I’ve been trying to put words to this for some time now, and they never sound quite right. So perhaps I need to stop trying and just say what I feel. 

I am certain that this intentional forward moving is something of the work of God in our lives. 

In considering the past few years, I see so much growth and change, a shaping that has without a doubt prepared us for this next season of life in Tanzania. 

When we first moved to Seattle, we took only what we could fit in our SUV, which sounds great, but the majority of it was so unnecessary. Upon arriving, we agreed that we’d be intentional in our selection of the furniture pieces that would make our home. We bought things that were well-made, pieces that would only retain their value. These were expensive purchases, but craigslist was a wonderful resource. They were timeless, and we just knew we’d keep them for the rest of our lives. That was the plan, anyway.

When we moved into our second apartment, we began to realize how unnecessary much of what we had brought with us to Seattle was, and how we hardly used it the year before. So we began a much needed purge and got rid of so much stuff.

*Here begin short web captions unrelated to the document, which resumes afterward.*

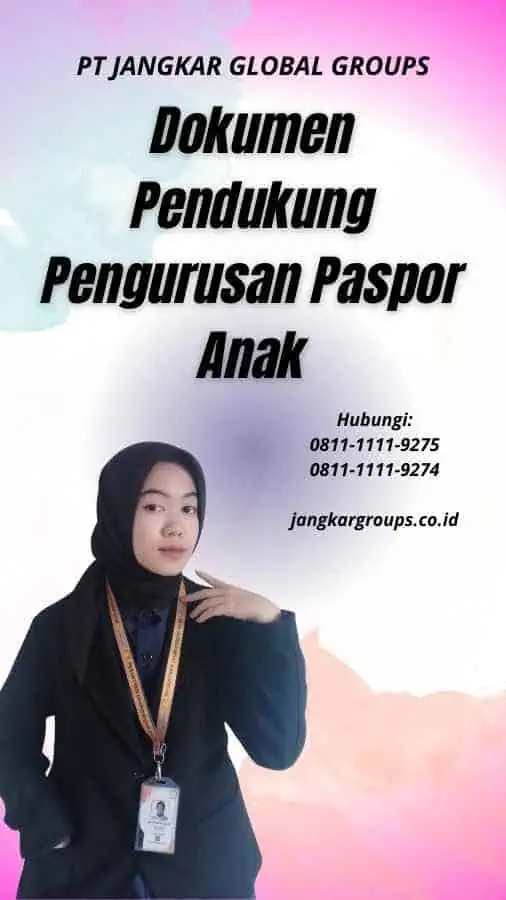 Dokumen Pendukung Pengurusan Paspor Anak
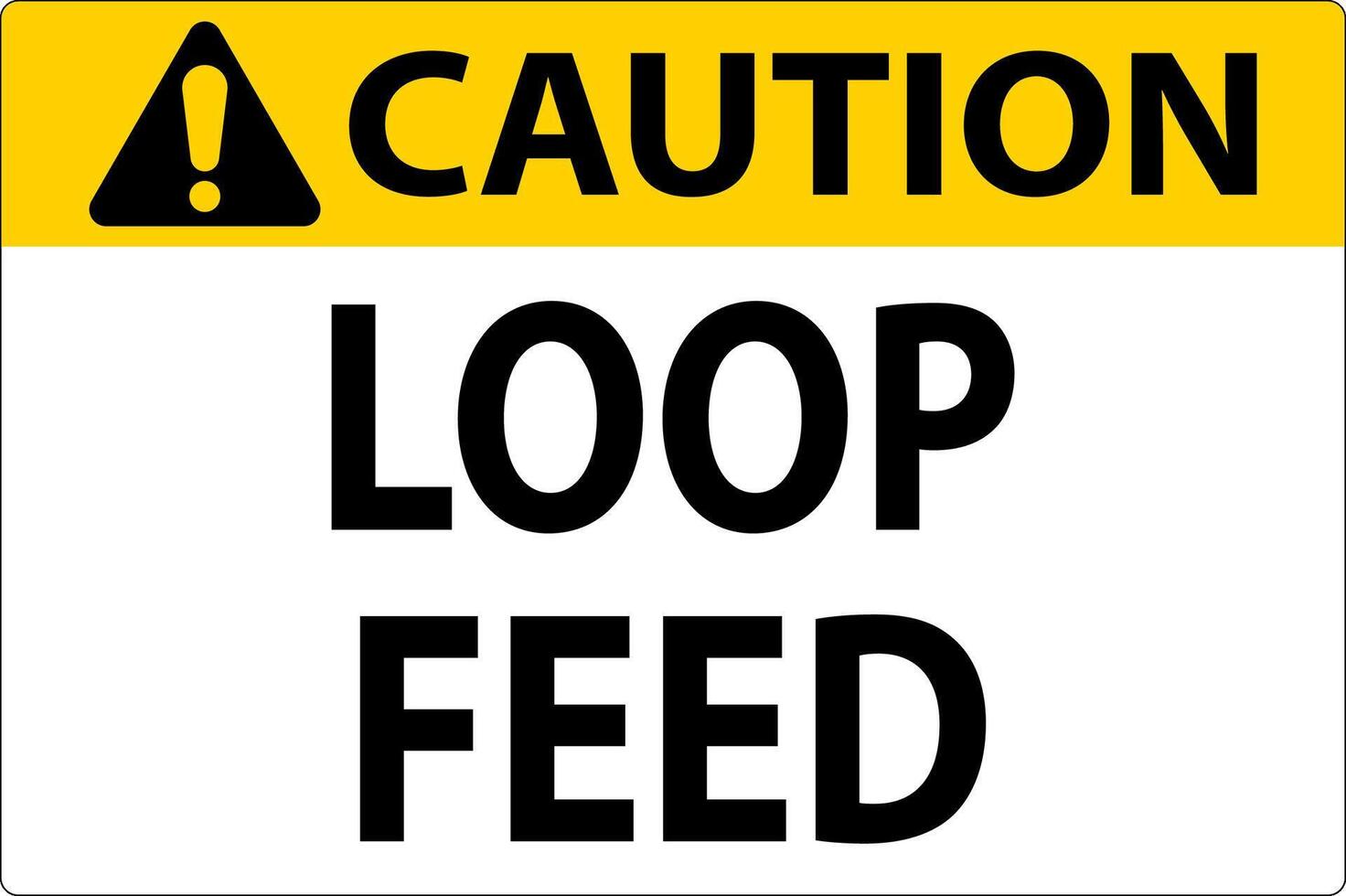 Caution Sign, Loop Feed vector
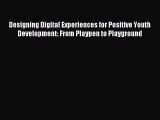 Read Designing Digital Experiences for Positive Youth Development: From Playpen to Playground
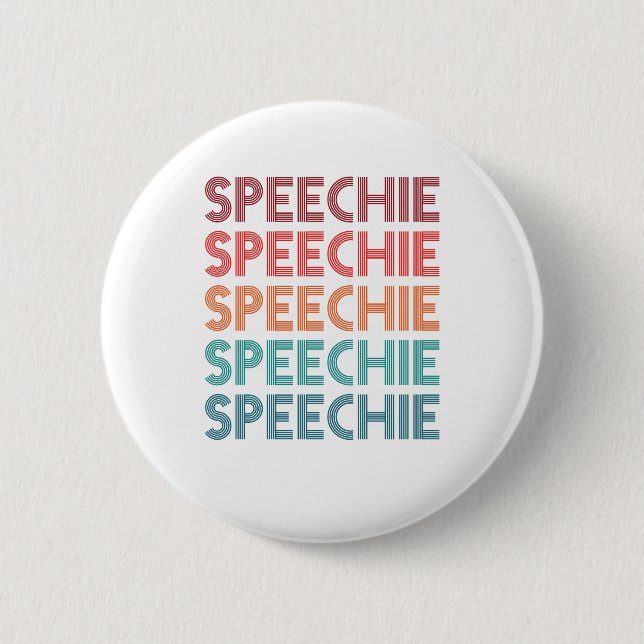 Speechie Retro Speech Pathology Pathologist SLP 2 Inch Round Button (Front)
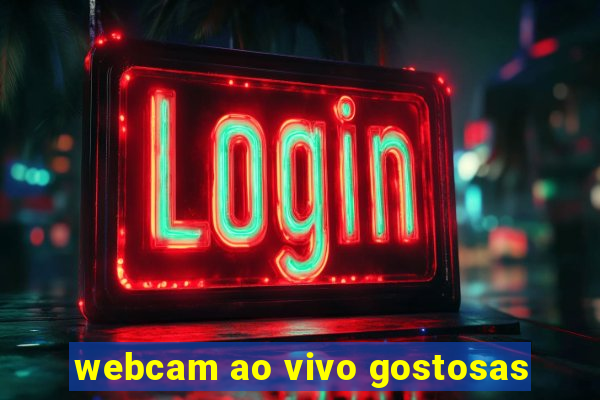 webcam ao vivo gostosas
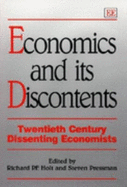 Economics and Its Discontents: Twentieth Century Dissenting Economists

Having recently moved back to North Carolina, we thought that everything we were bringing was all so important and we wanted to keep it. But now we’ve lived for over a year with the majority of our belongings in storage, and we’re realizing again just how much we don’t need. We share a tiny closet and cycle through the same pieces of clothing we’ve had for the last two years and we’re okay with this.

Our eating has changed drastically as well. We eat so much better than when we first moved to Seattle. Of course Seattle played a role in this being an incredible foodie city. We also didn’t have a lot of money to spend on food so I learned to cook pretty well and we ate out on occasion. But in North Carolina, we’re in a food desert. We have to drive about 35 minutes or so to the nearest grocery store with organic food. We’ve grown accustomed to a few staples, such as any variation on the combination of black beans and sweet potatoes. Now that I’m thinking about it, these foods have a longer shelf life making them easy to have on hand. All to say, I think our eating has become simplified as well. Not to suggest our simple way of eating is less delicious. On the contrary, our food made at home tastes incredible, despite its simplicity. 

This past year has been an emotional roller coaster. Which is to say, our feelings from week to week change drastically. Some days we’re excited about the work of After Trade and trying to get to Tanzania. On these days we feel confident that if we can just say more about this work, or say it differently, that people will somehow get it and want to be part of it. Fundraising is both humbling and humiliating. It seems we’ve been taught our whole lives how not to ask for help, and in one year, we’ve been trying to figure out how to unlearn what this means in a context of fundraising and trying to establish intentional relationships with those who believe in this work. 

A few days ago, Steven and I agreed that we don’t care if we have to survive on the most basic of sustenance, so long as we were in Tanzania, learning the language, and beginning the work of intentional community among coffee farmers. I realize that in saying this, it sounds both arduous and ambitious. But I’m not trying to convince anyone of anything with these words, other than the hunch that we are being formed for just this sort of life. 

I’ll end with an excerpt from Common Prayer that inspired me to finally get these thoughts out, and perhaps says it better or at least more concise than I’ve attempted here:

“And most people don’t miss the old life much anyway. A reporter once told Mother Teresa, “I wouldn’t do what you do for a million dollars.” She responded, “Me neither.” We live in community and among the suffering because it is what we are made for. Not only does it give life to others, but it gives us life as well.”